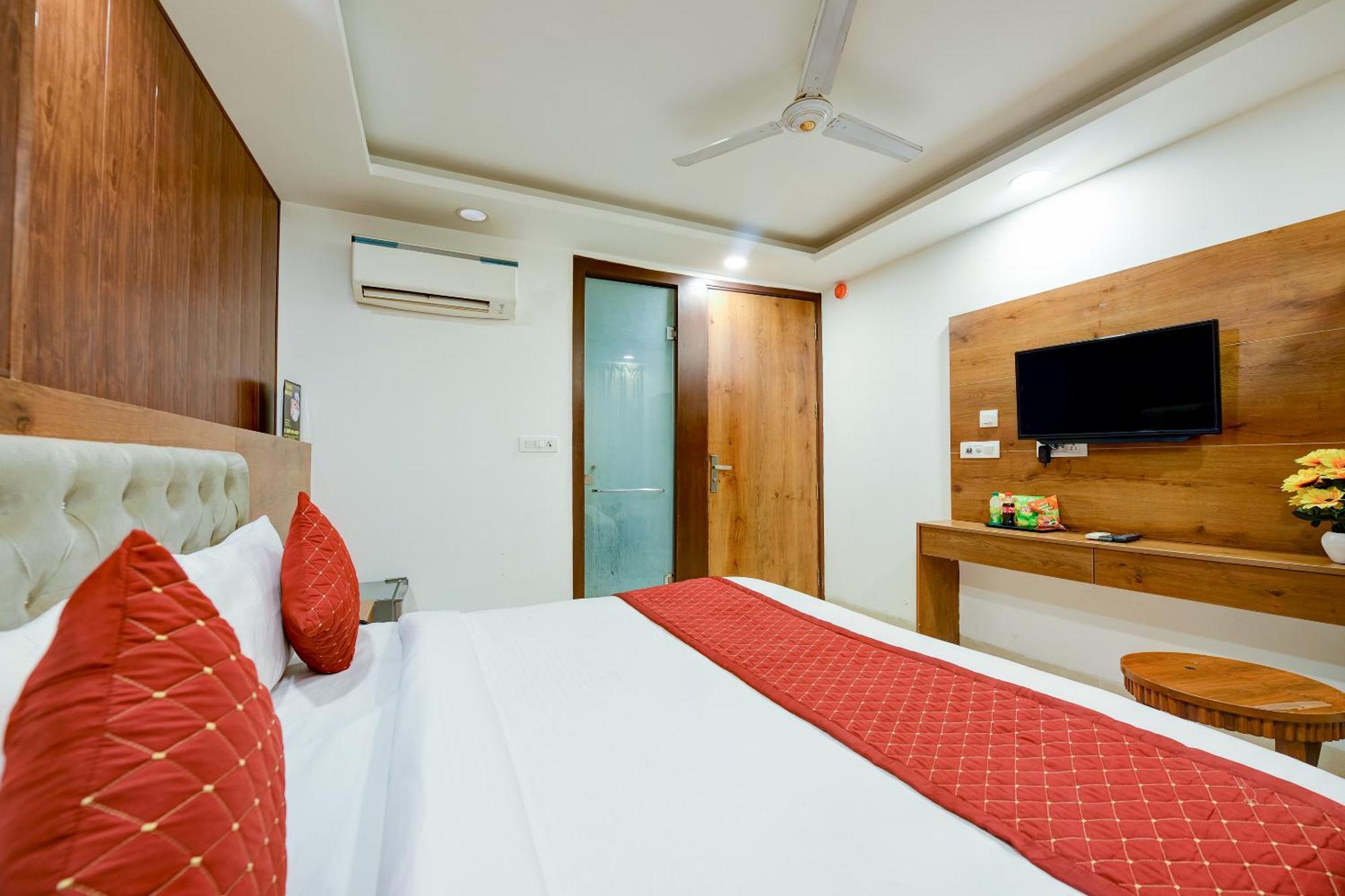 Hotel Grand Qubic Near Delhi Airport Νέο Δελχί Εξωτερικό φωτογραφία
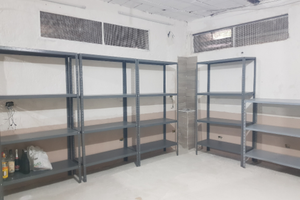 Locale deposito o ufficio al piano cantinato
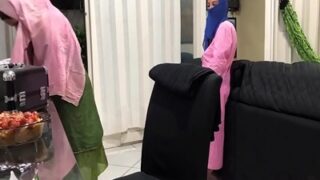 Si Raksasa Mesum Mengocok Kontolnya Di Depan Anak Tiri Hijabers Yang Seksi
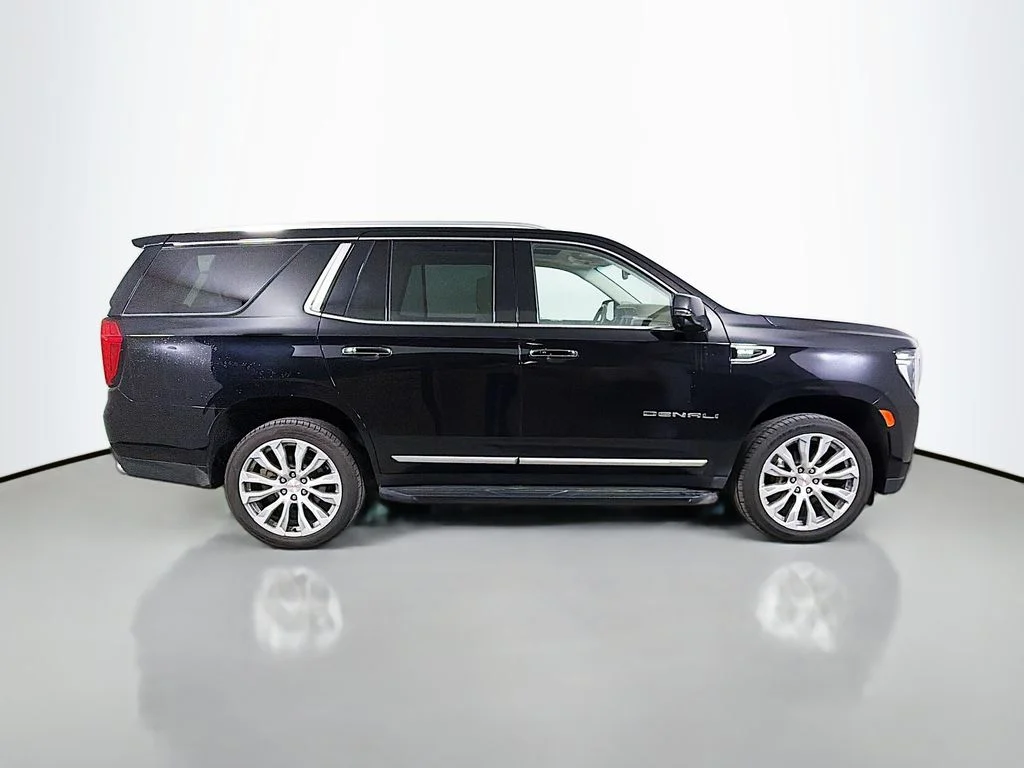 Used 2022 Black GMC Denali image 5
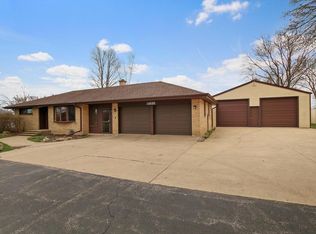 11635 W 33rd St, Beach Park, IL 60099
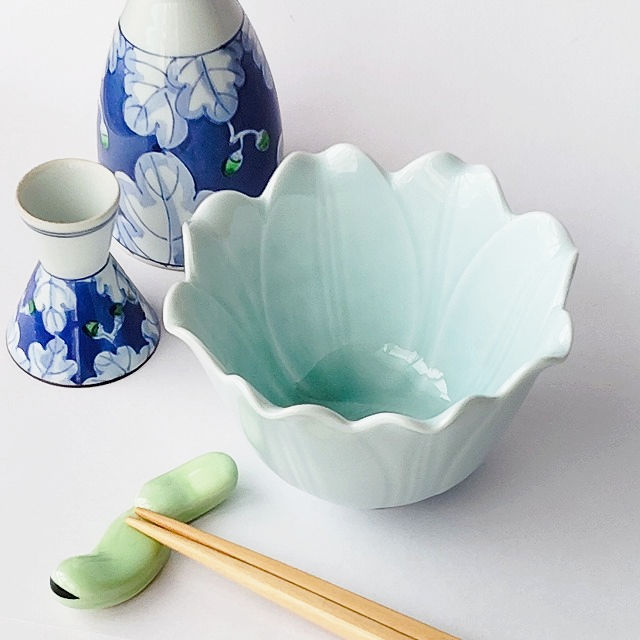 爽やかな青緑色/翡翠色の花形小鉢(深) - たんぽぽ|昭和レトロ食器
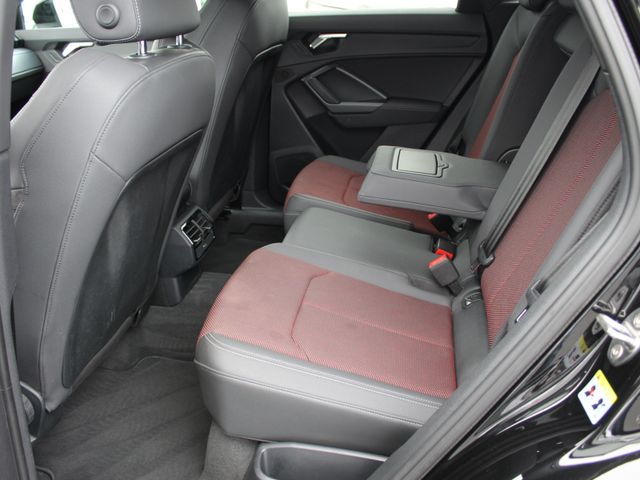 Q3 40 2,0 TFSI quattro S line Standhzg.*Navi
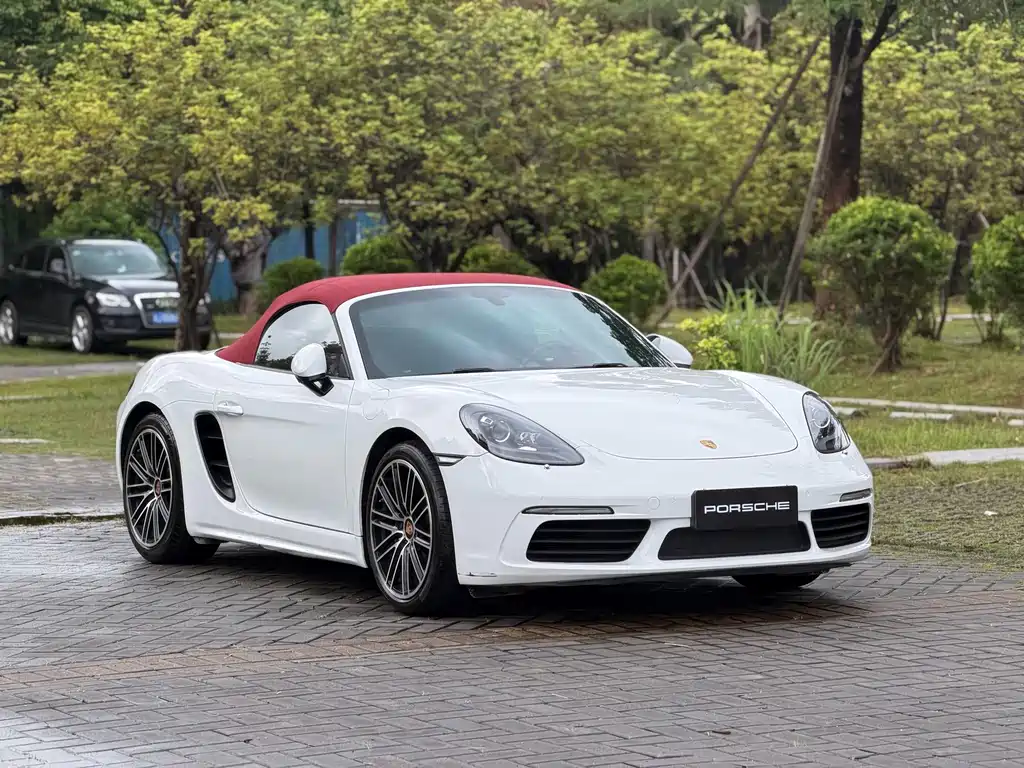 Porsche 718 Boxster 2.0 T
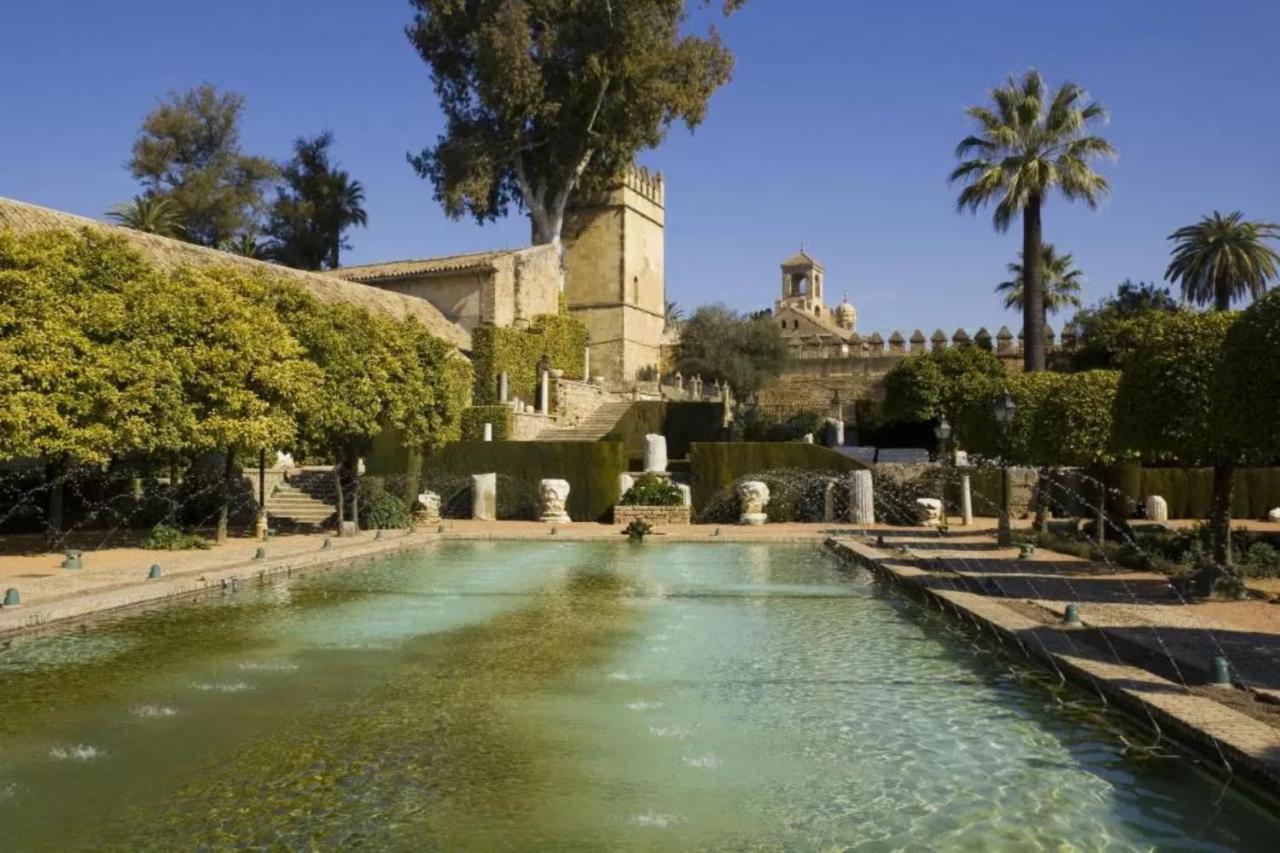 P Los Encantos De Almavir Cordoue Extérieur photo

Task: Repeat word for word the lines beginning at the one with "Q3 40 2,0 TFSI quattro S line Standhzg.*Navi" and ending at the final line of the records above, both included, and no others. Leave the pictures out.

Exercise answer:
 Q3 40 2,0 TFSI quattro S line Standhzg.*Navi
 Porsche 718 Boxster 2.0 T
 P Los Encantos De Almavir Cordoue Extérieur photo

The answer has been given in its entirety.